Exercise details: Find the line below with "Massage aux poudres Détente et Harmonie". Print it and every line after it exactly, through the last line, leaving out the pictures.

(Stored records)
▬▬▬
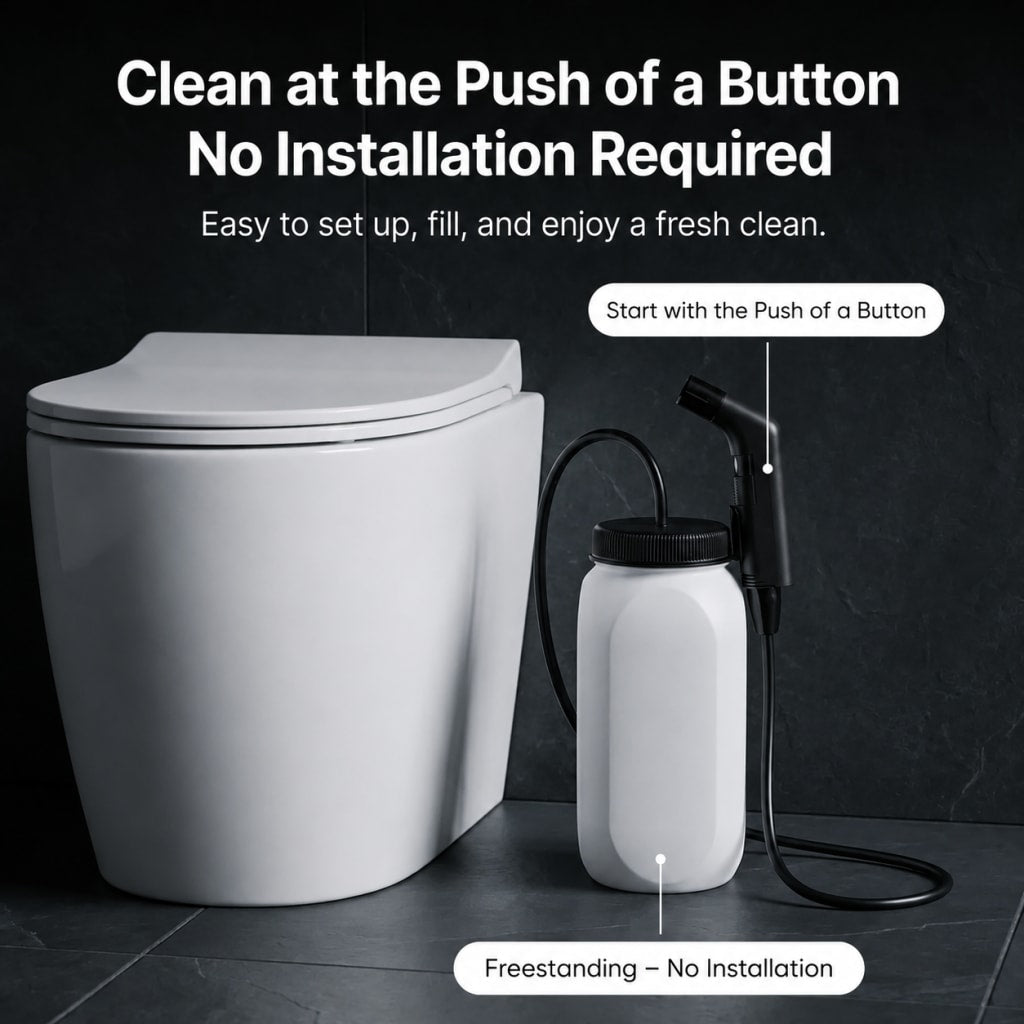 Portable Bidet Bottle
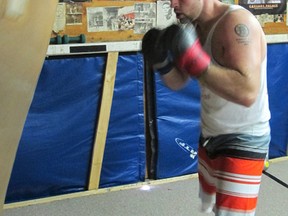 Adam Funnell was one of three Kingston Youth Boxing Club fighters to win fights at the Bout for the Arts fundraiser. (Whig-Standard file photo)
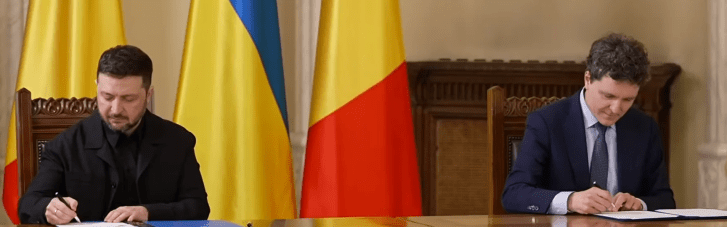 Україна та Румунія домовились про будівництво нових ліній електропередач і спільне виробництво дронів (ВІДЕО)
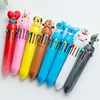 BT21 Pen BTS Bangtang Boys Marker Pencil Painting Tools Kawaii Multifunction 8 in 1 Pen For Child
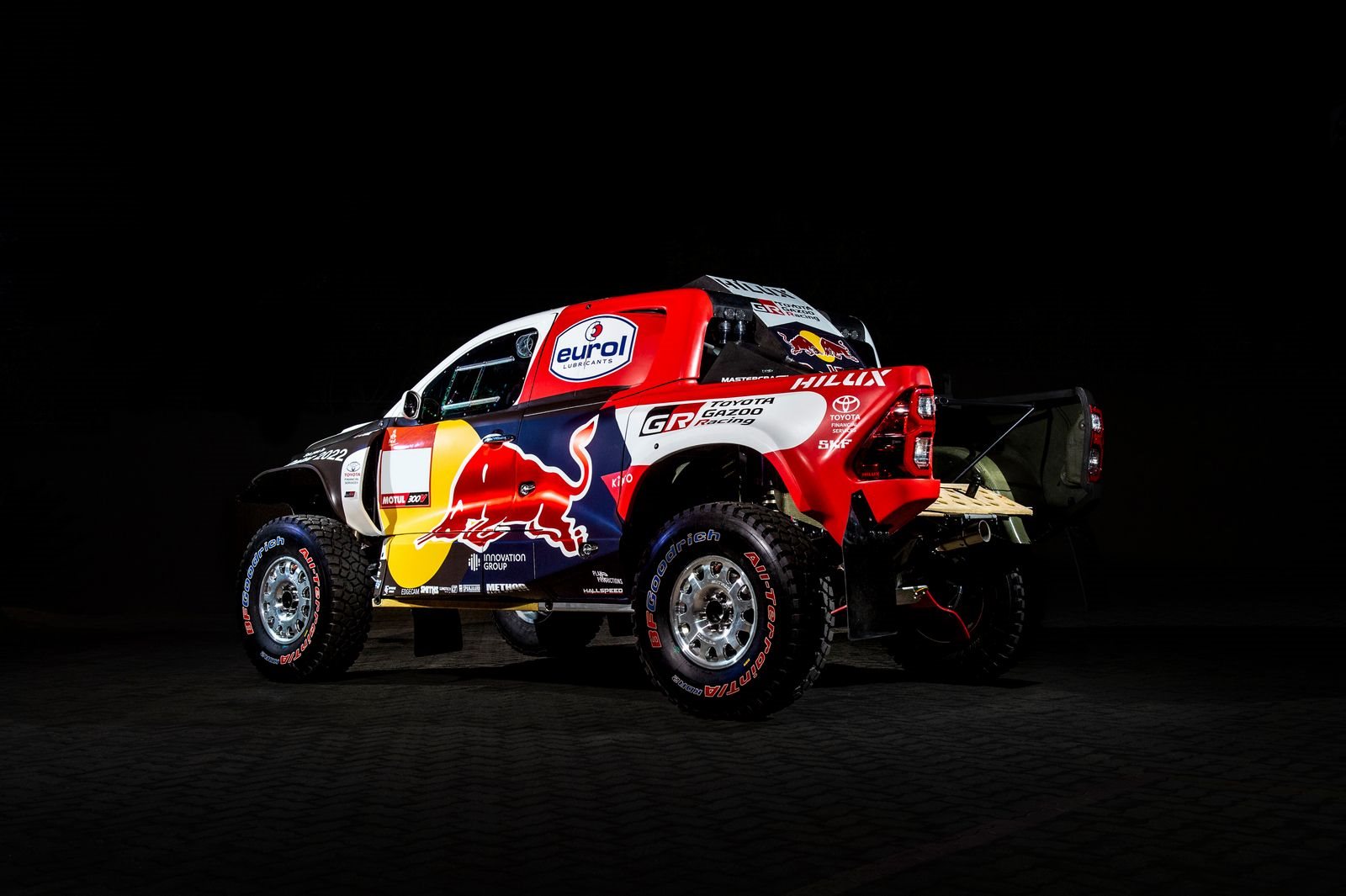 2022 - TOYOTA GR DKR HILUX T1, foto 3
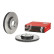 Brake Disc COATED DISC LINE 09.N255.41 Brembo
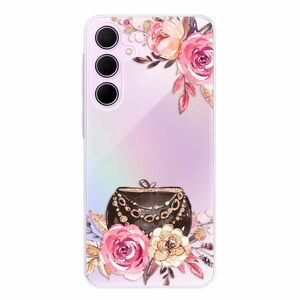 Odolné silikonové pouzdro iSaprio - Handbag 01 - Samsung Galaxy A35 5G obraz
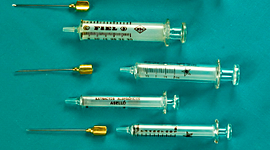 Timeline: Bessone, María Alejandra. Breve historia de las agujas y jeringas.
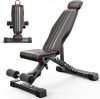Foldable Adjustable Weight Bench 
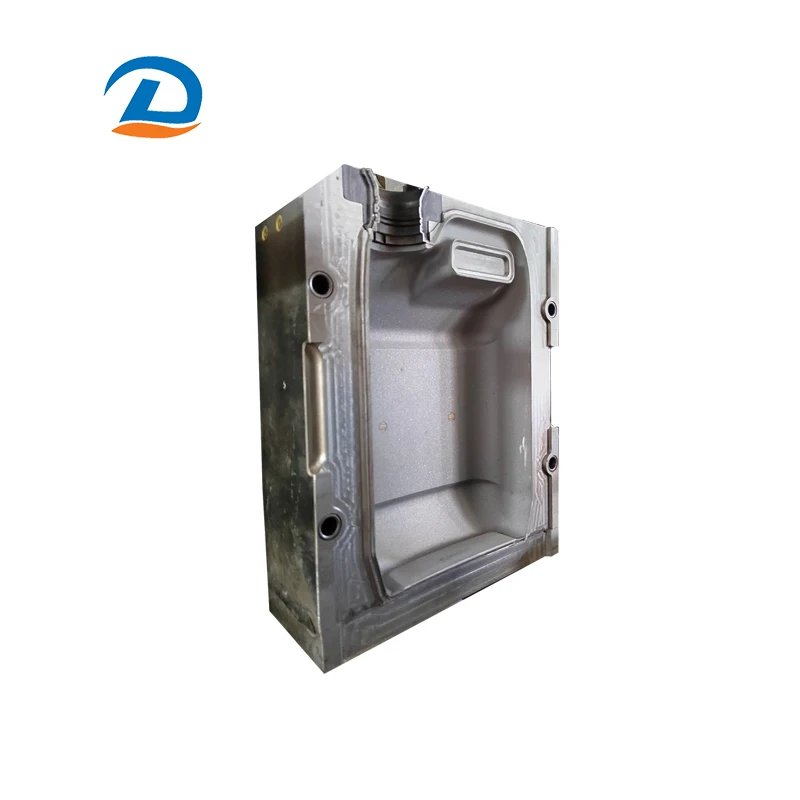 Пластиковые квадратные бутылки с ручкой для выдувного формования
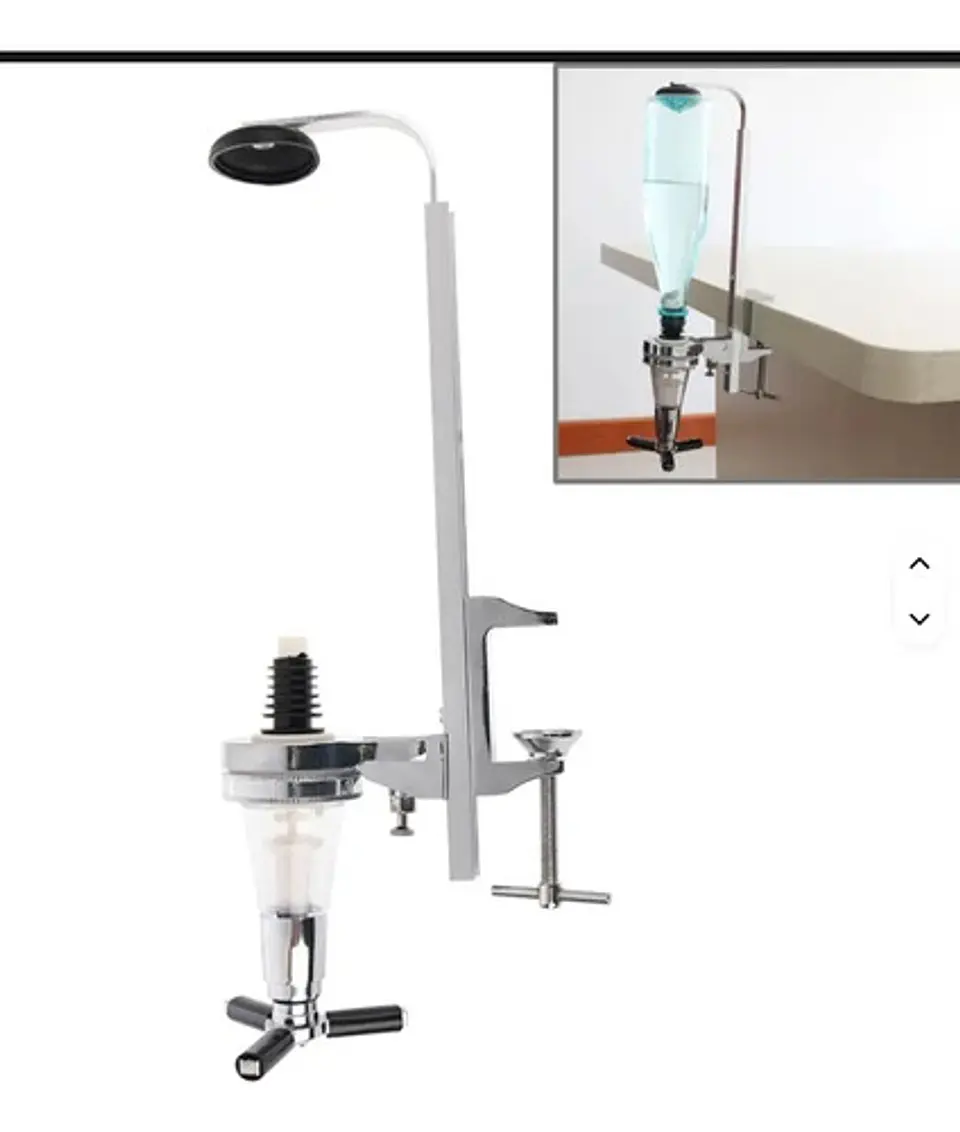 Bar Licorera Dispensador Dosificador 1 Botella Litro 2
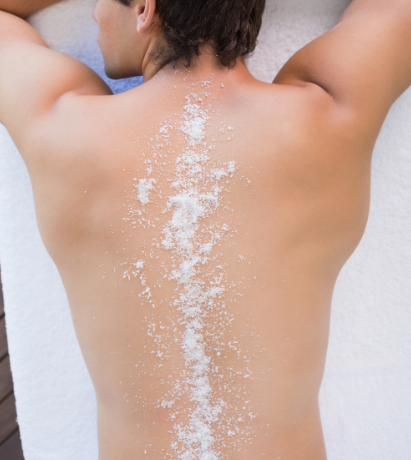 Massage aux poudres Détente et Harmonie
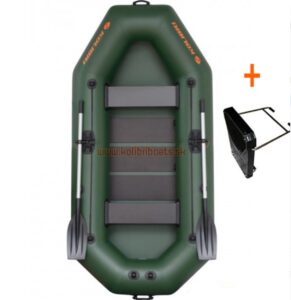 KOLIBRI K-280 T nafukovací člun s lamelovou podlahou + držák motoru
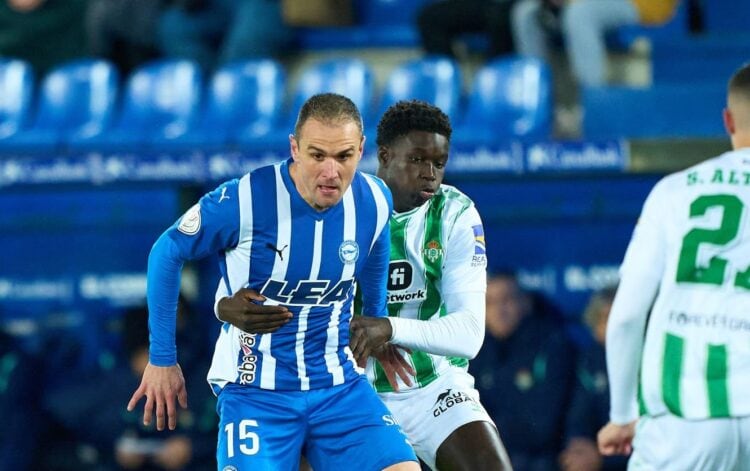 Coupe du Roi : Le Real Betis éliminé par Alavés dès les 16es de finale pour la première de Nobel Mendy - wiwsport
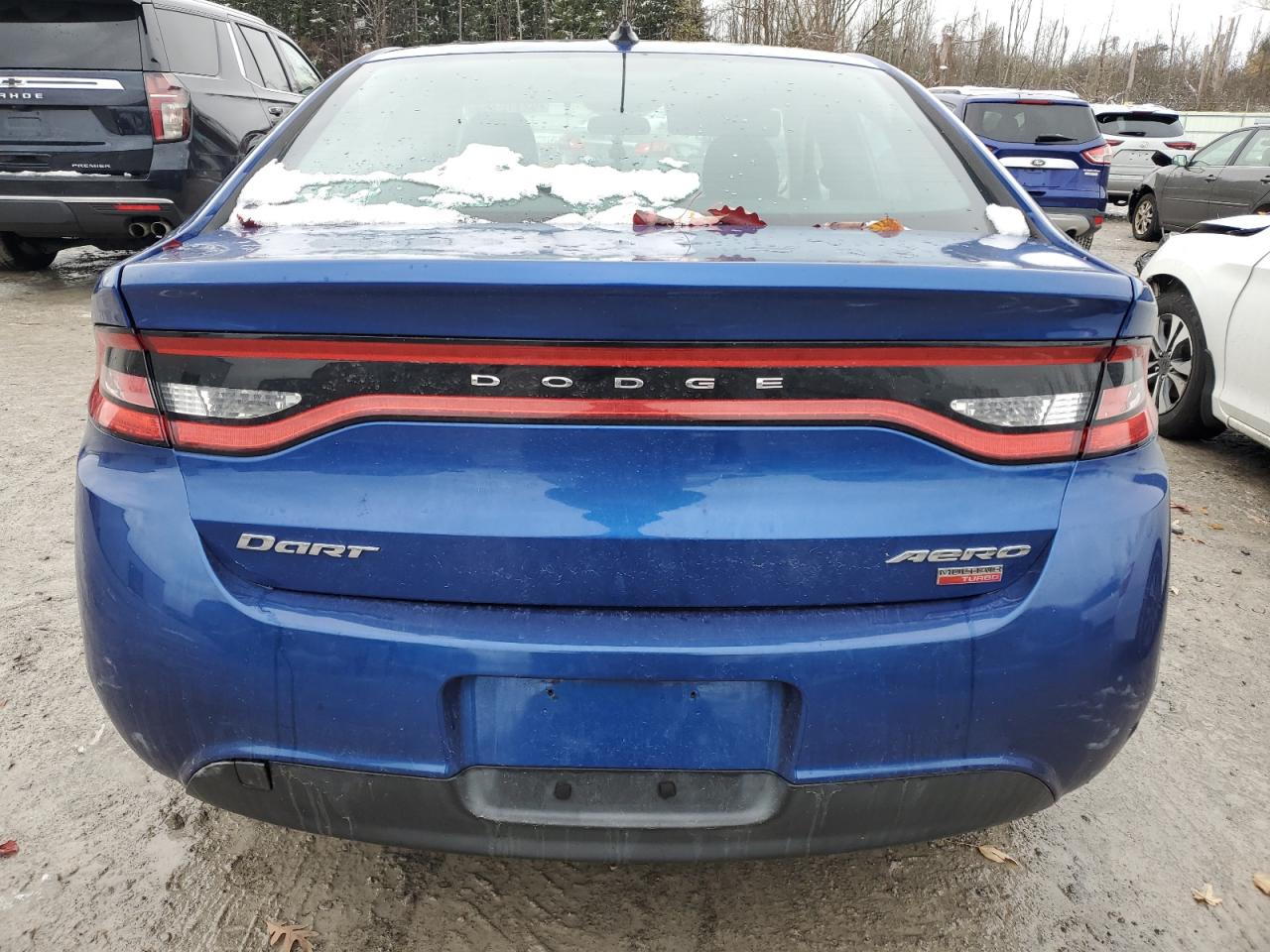 2013 Dodge Dart Se VIN: 1C3CDFAH7DD256552 Lot: 92112755
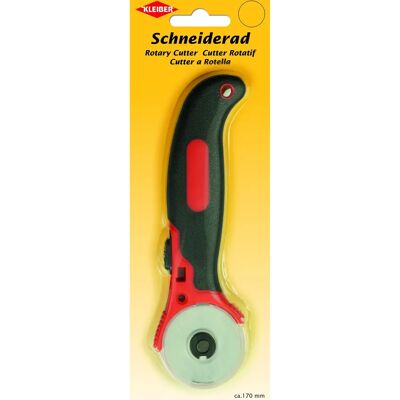 Kleiber Rotationsschneider - 45mm Klinge Rot/Schwarz - Schneidwerkzeug Kleiber Rotationsschneider - 45mm Klinge Rot/Schwarz - Schneidwerkzeug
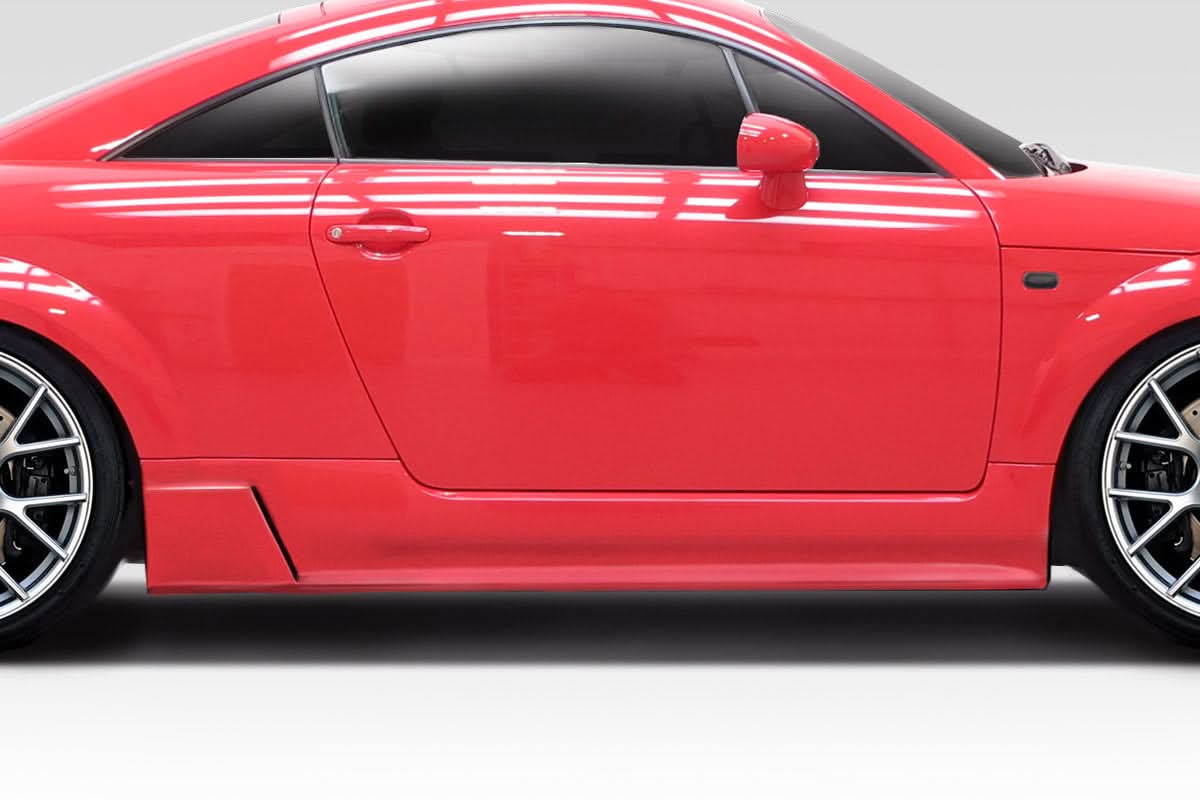 2000-2006 Audi TT Regulator Style Side Skirts - 2 Piece - FRP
▬▬▬
Answer section:
 Massage aux poudres Détente et Harmonie
 KOLIBRI K-280 T nafukovací člun s lamelovou podlahou + držák motoru
 Coupe du Roi : Le Real Betis éliminé par Alavés dès les 16es de finale pour la première de Nobel Mendy - wiwsport
 2013 Dodge Dart Se VIN: 1C3CDFAH7DD256552 Lot: 92112755
 Kleiber Rotationsschneider - 45mm Klinge Rot/Schwarz - Schneidwerkzeug Kleiber Rotationsschneider - 45mm Klinge Rot/Schwarz - Schneidwerkzeug
 2000-2006 Audi TT Regulator Style Side Skirts - 2 Piece - FRP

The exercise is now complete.